🚀 Final Goal
An app that allows users to point their smartphone camera at a car and instantly display the car model name, new car price, and used car market price.
#1 tip is here
✅ Development Steps (By Phase)
🔹 STEP 1: Build a High-Accuracy Car Model Recognition AI
- Collect car image data (with a focus on Japanese vehicles)
- Preprocess images and train classification models such as ResNet or YOLO
- Evaluate accuracy and analyze common misclassification patterns
- Visualize decision regions using tools like Grad-CAM to improve interpretability
🔹 STEP 2: Establish a Method for Retrieving Price Data
- Gather information on new and used car prices via web scraping or public APIs (e.g., CarSensor, Goo-net)

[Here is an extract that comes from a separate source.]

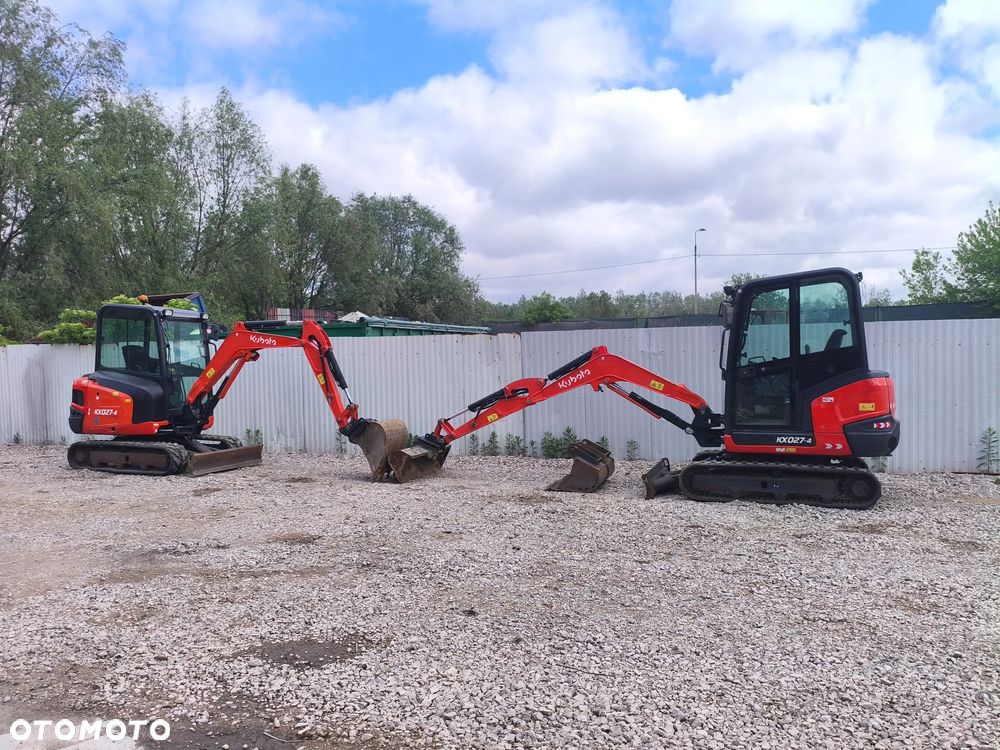 Kubota KX 27-4 Waga 2700 kg!!! - 32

- Create a mapping system that links car model names to pricing data
- Account for variations in price depending on year and trim level; for the MVP, use representative or average prices
🔹 STEP 3: Build a Minimum Viable Product (PoC) with Smartphone Camera Input
- Capture a car image using a smartphone → upload the image or send it via API
- Run car model inference and price estimation on a Python backend
- Return results to the user (can be displayed via a simple web UI)

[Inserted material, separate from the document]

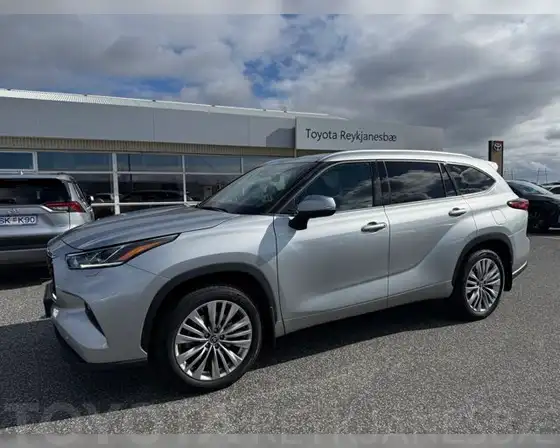 TOYOTA HIGHLANDER VX HYBRID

💡 Streamlit + FastAPI or Flutter + Flask are good tools for this phase
🔹 STEP 4: Develop a Full-Fledged Mobile App
- Build a mobile app with integrated camera functionality (using Flutter or React Native)

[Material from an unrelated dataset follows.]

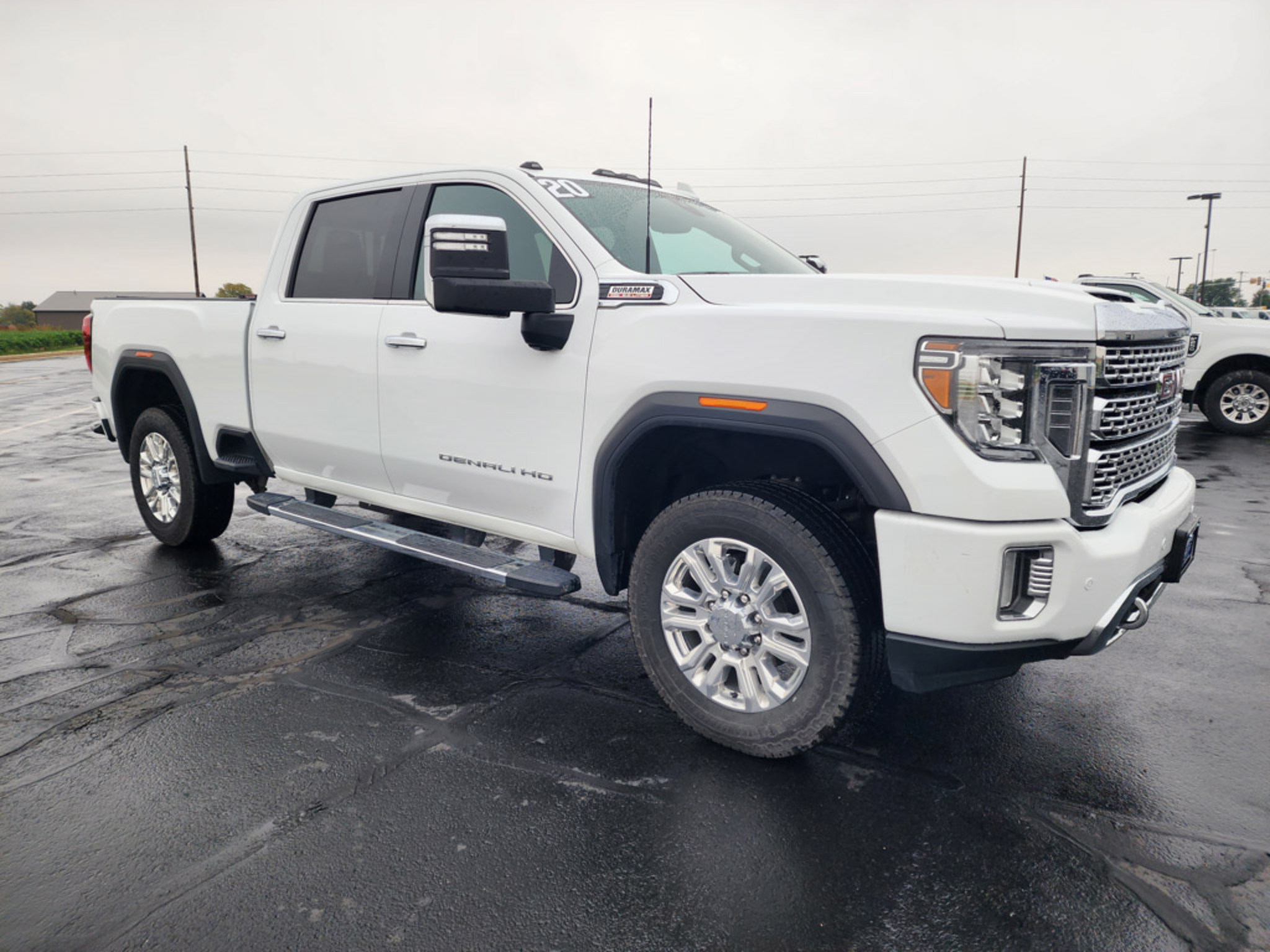 Used 2020 GMC Sierra 2500HD Denali Crew Cab Short Bed Truck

- Capture → send image to inference API → display results
- Design a user-friendly UI/UX (e.g., thumbnail images, price tags, “purchase” button-style display)
- Consider features like login, history tracking, and location tagging
🔹 STEP 5: Additional Features & Monetization
- 📈 Price history tracking with graphs
- 🛠 Estimate year/odometer reading based on visual cues or OCR
- 💰 Monetization via ads or affiliate links to used car listings and dealers
- 📊 Extend functionality to include popularity, user reviews, fuel efficiency info, etc.
🔑 Technical Components Summary
Component | Technology Used |
---|---|
Car Recognition AI | PyTorch / YOLOv8 / ResNet |
Price Retrieval | Web Scraping (Selenium / BeautifulSoup) or API |
Server API | FastAPI / Flask |
Mobile App | Flutter / React Native / Expo |
Deployment | Google Firebase / Vercel / AWS Lambda |
💡 First Milestone (MVP Idea)
✅ “Upload a car photo → Instantly get the car model name and estimated used price” — all within a simple web app.